Mandela’s impassioned three-hour address to the court, during which he declared that a democratic South Africa was an ideal “for which I am prepared to die,” was the most significant of his career.
The State Against Mandela and the Others, a French-funded documentary based on the recently released audio recordings of the proceedings, attempts to redress the balance by putting his comrades at center stage.
“Mandela was not expressing his view alone; he was expressing the view of all the accused,” Mlangeni said. “We were almost certain that we were going to hang. But we were prepared. We were prepared for anything.”
The film uses animation, interviews and archival footage to show how the defendants turned a trial aimed at dealing a knockout blow to the anti-apartheid movement into an indictment of white supremacist rule.

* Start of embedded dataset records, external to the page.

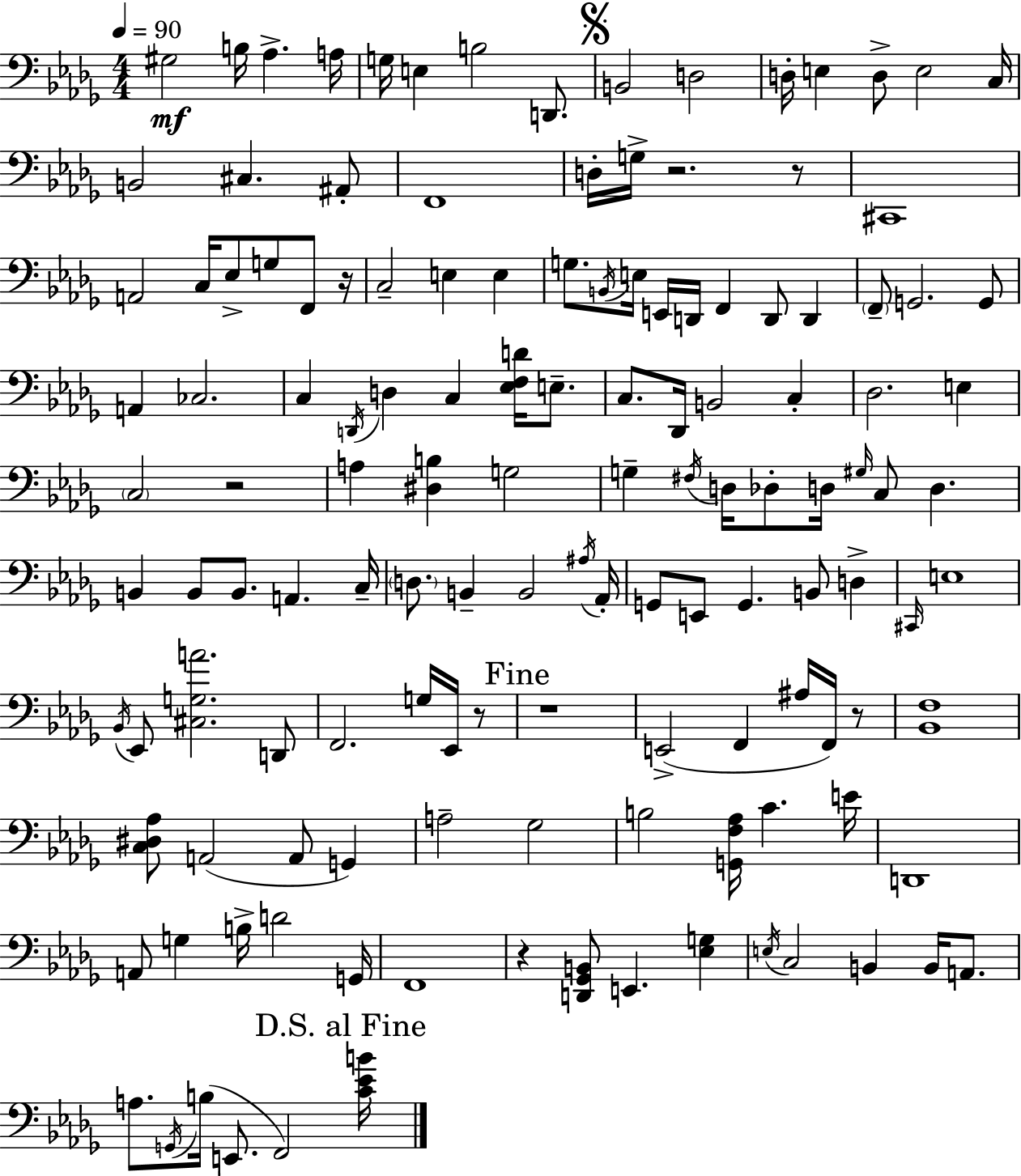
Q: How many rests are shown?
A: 8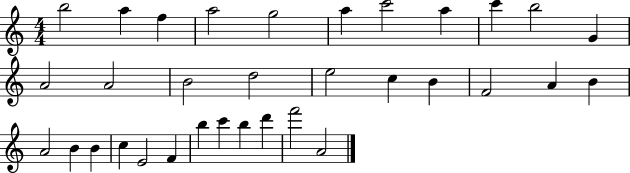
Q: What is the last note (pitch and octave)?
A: A4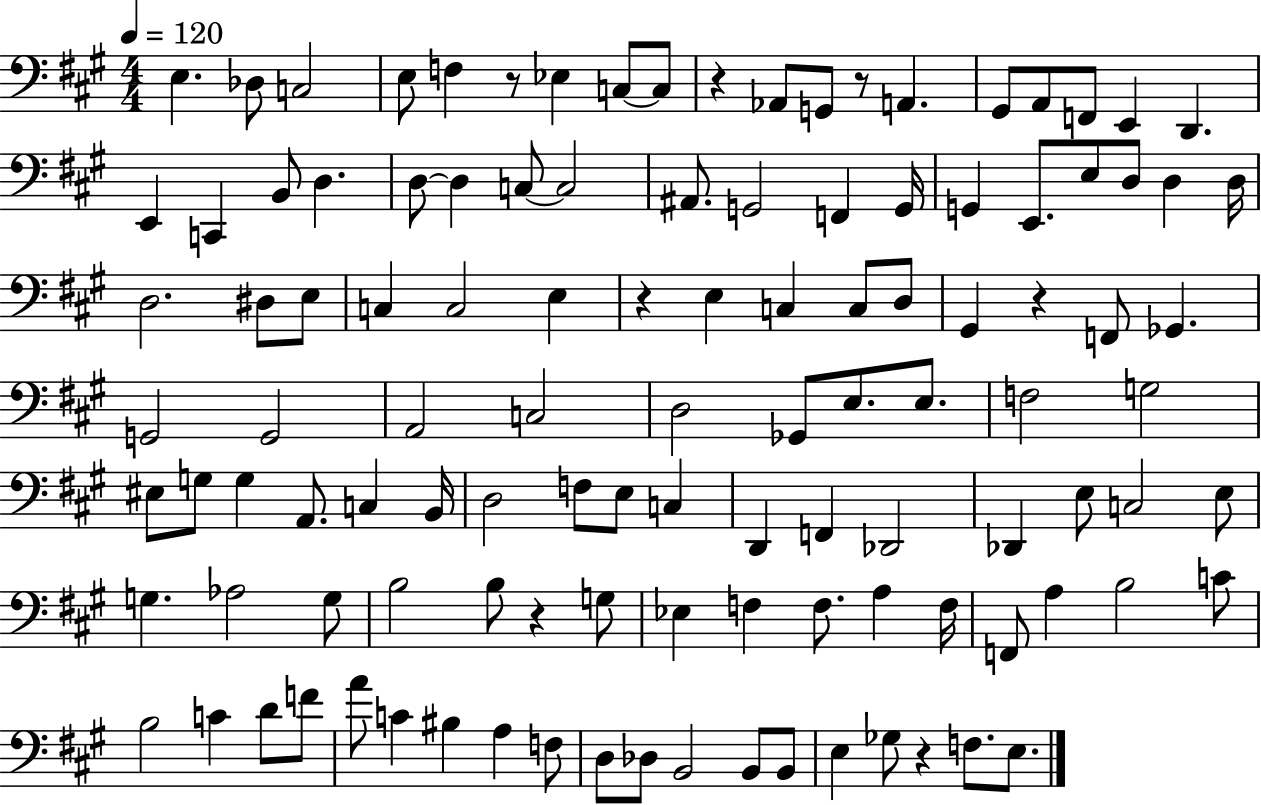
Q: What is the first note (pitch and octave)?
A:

“We decided we had to conduct this not as a criminal trial but a political trial,” said Ahmed Kathrada, one of three former prisoners — one black (Mlangeni), one white (Denis Goldberg) and one of Asian origin (Kathrada) — interviewed for the feature.
Kathrada, who died in 2017, is one of the heroes of the documentary by journalist Nicolas Champeaux and filmmaker Gilles Porte.
Born into a family of Indian Muslim immigrants, he refused, like his comrades, to appeal his sabotage conviction to avoid the indignity of being seen to beg for clemency.
At the end of the eight-month trial, the men were spared the noose. Mandela and seven others were sentenced instead to life in prison, a verdict they greeted with relief.
“It’s life! And life is wonderful!” Goldberg recalls shouting across the courtroom to his mother.